ACTIVITY: Every line from the one bearing "CHRISTIAN DIOR Leather" through the last line of the records below is to be output exactly, and no other line; leave out the pictures.

WORKING DATA:
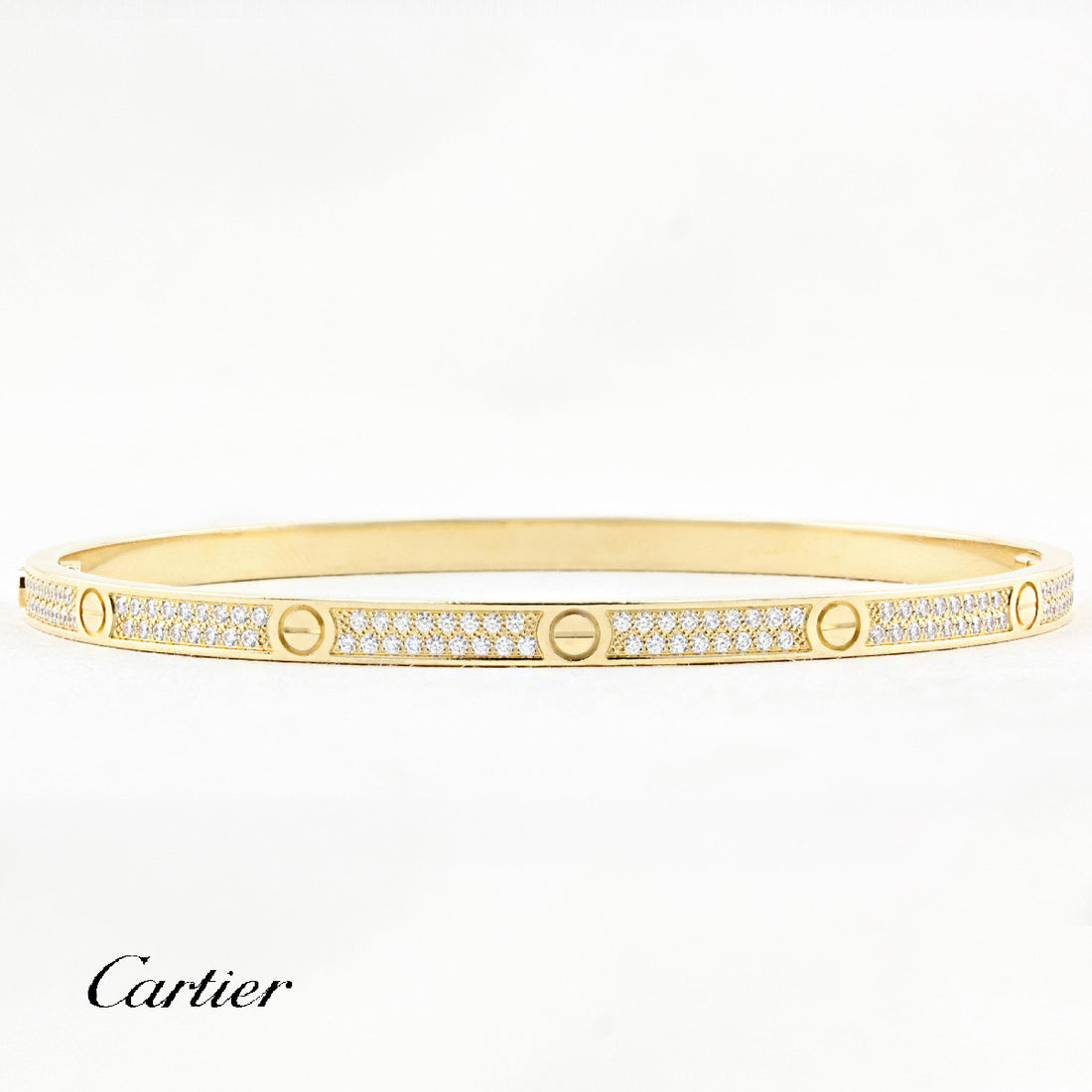 Cartier SM Yellow Gold Diamond Paved Love Bracelet - Size 18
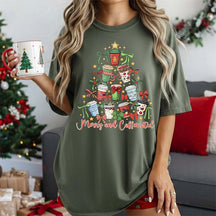 Merry And Caffeinated Christmas Tree T-Shirt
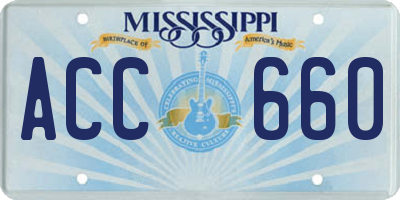 MS license plate ACC660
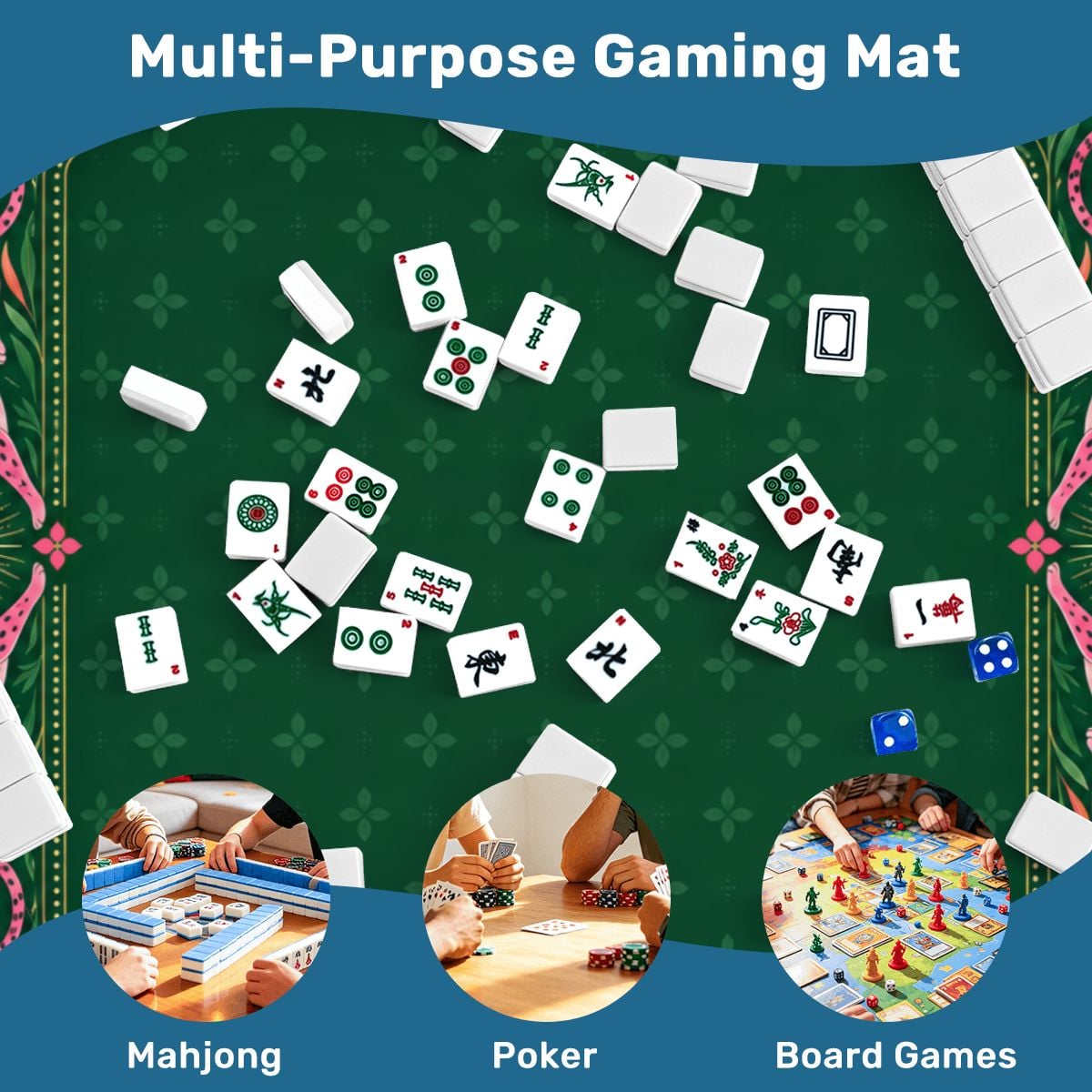 Peacock Pool Garden Sleek-Surface American Mahjong Mat – 2 Sizes Available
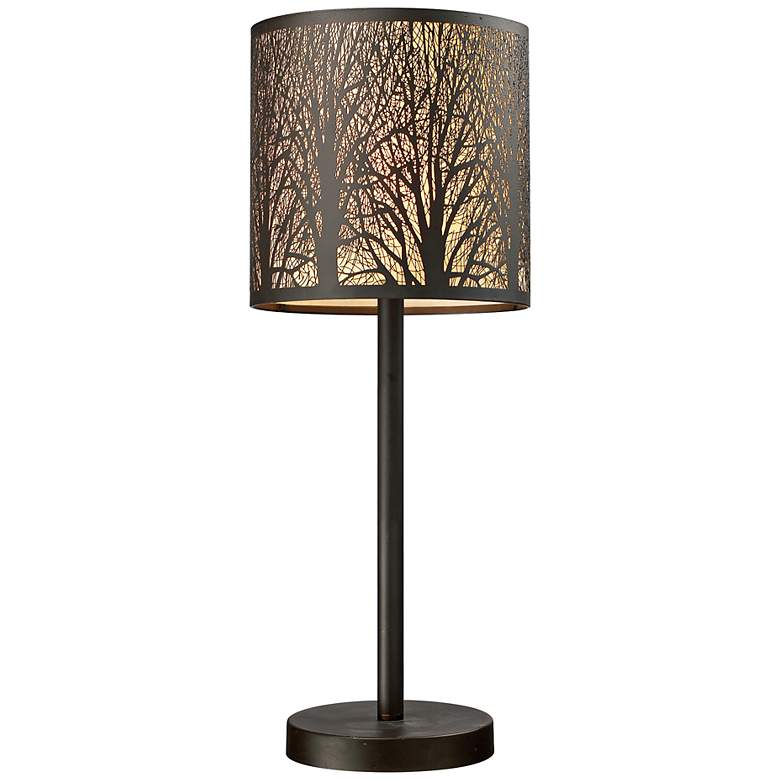 Image 1 Woodland Sunrise 20 inch High Bronze Accent Table Lamp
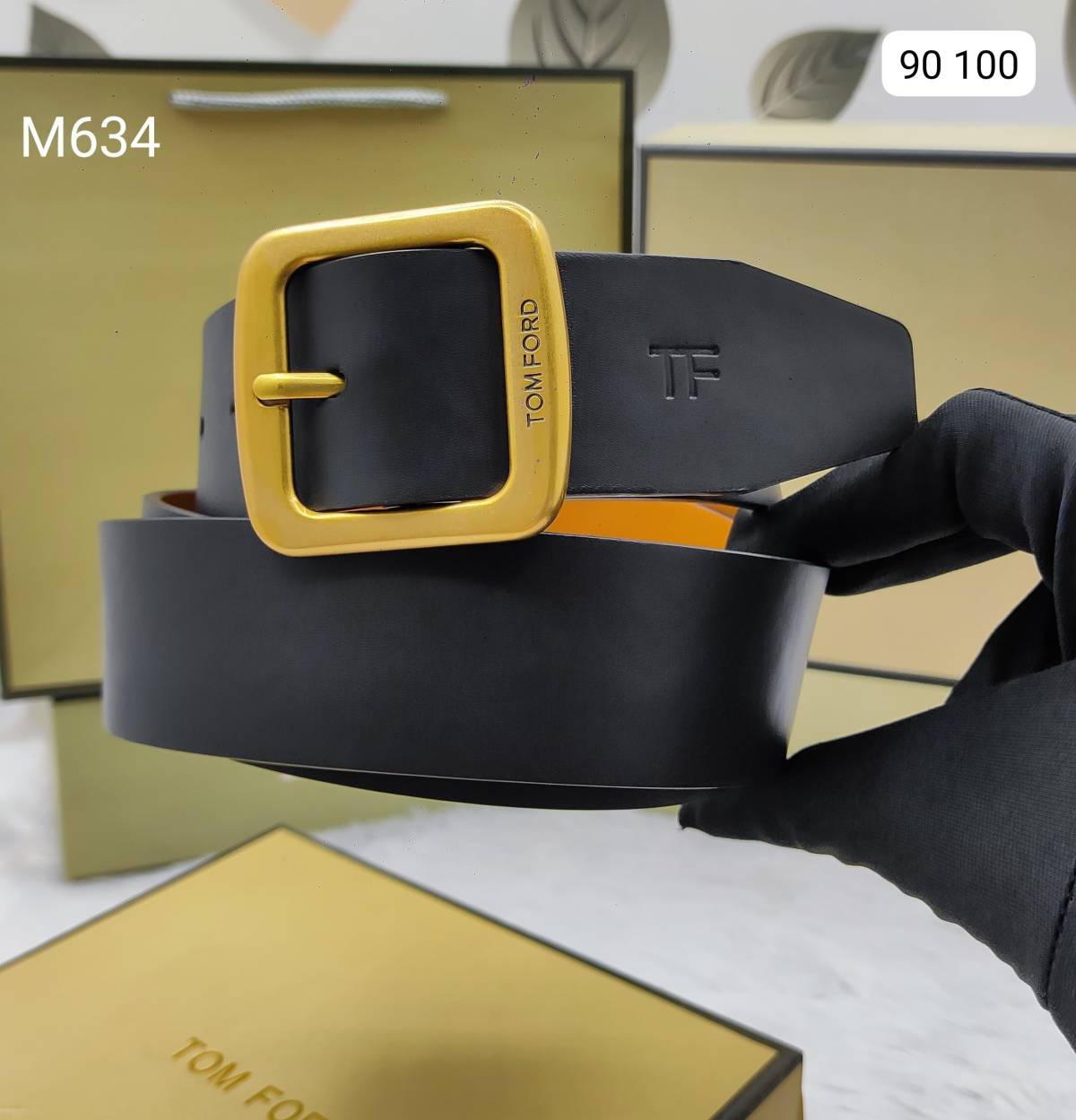 Tom Ford Golden Premium Quality Leather Belt-0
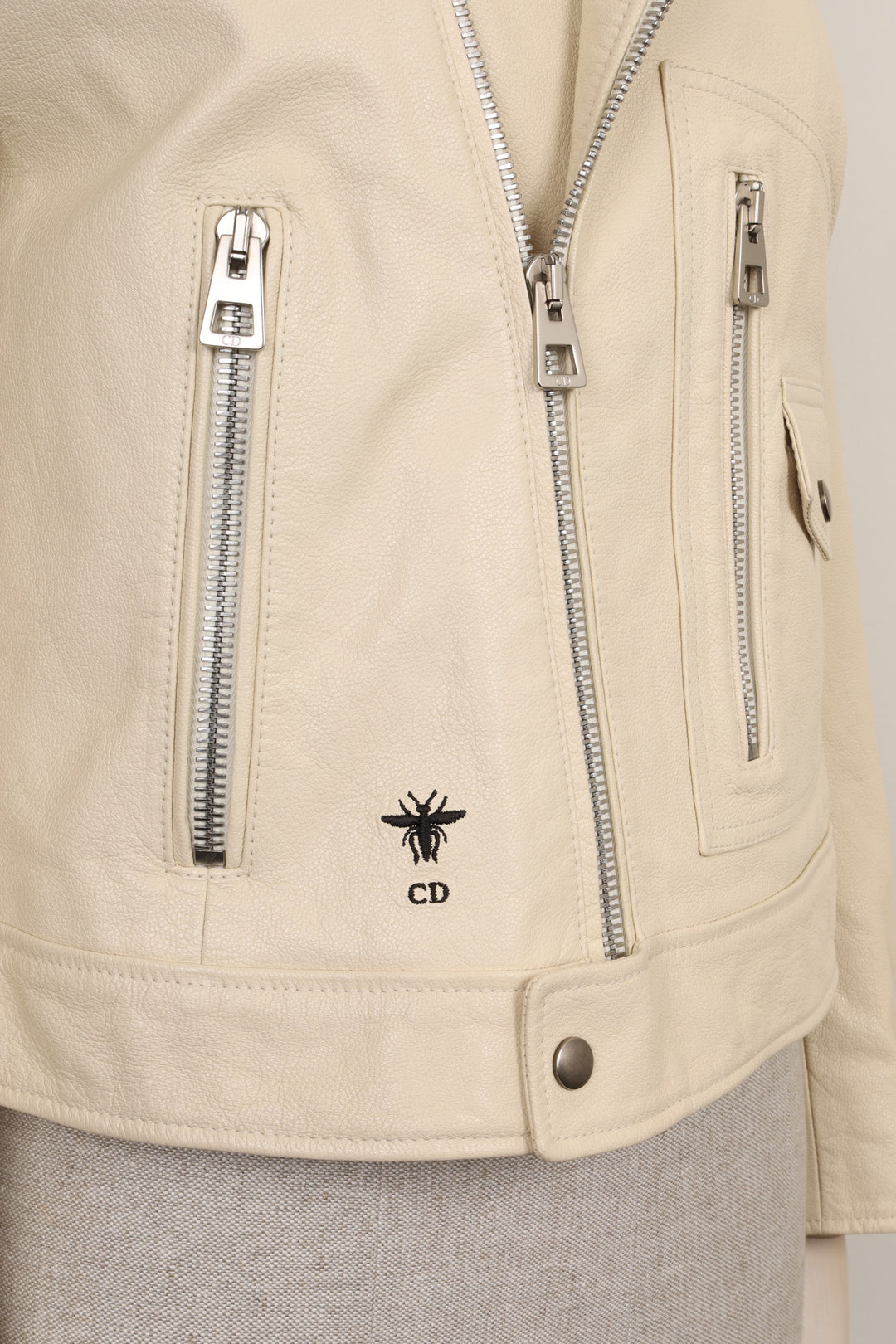 CHRISTIAN DIOR Leather Jacket Printed Back Créme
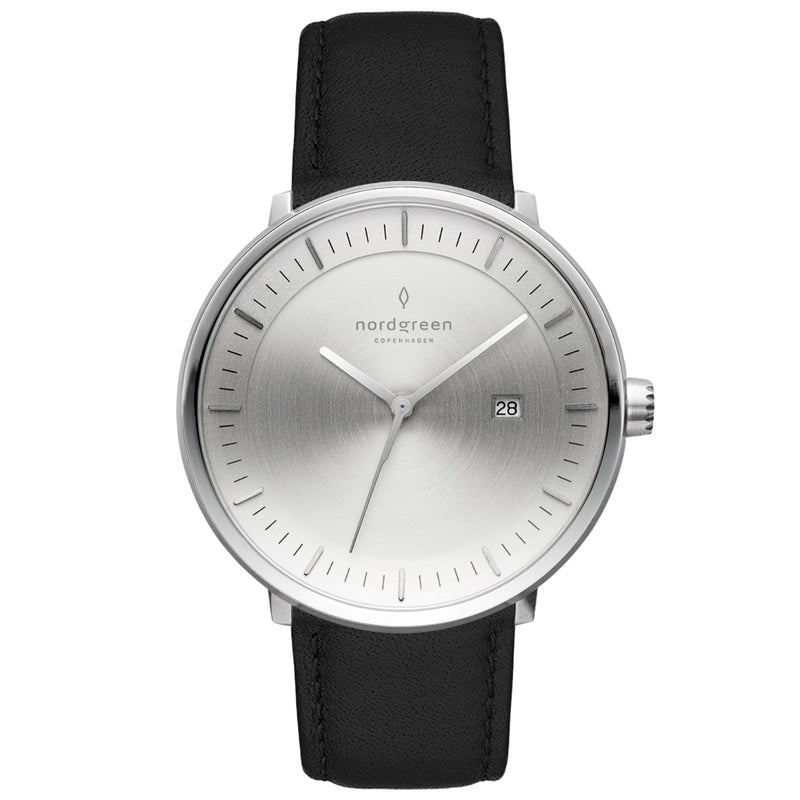 Analogue Watch - Nordgreen Philosopher Black Leather 40mm Silver Brushed Metal Dial Watch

RESULT OF THE EXERCISE:
 CHRISTIAN DIOR Leather Jacket Printed Back Créme
 Analogue Watch - Nordgreen Philosopher Black Leather 40mm Silver Brushed Metal Dial Watch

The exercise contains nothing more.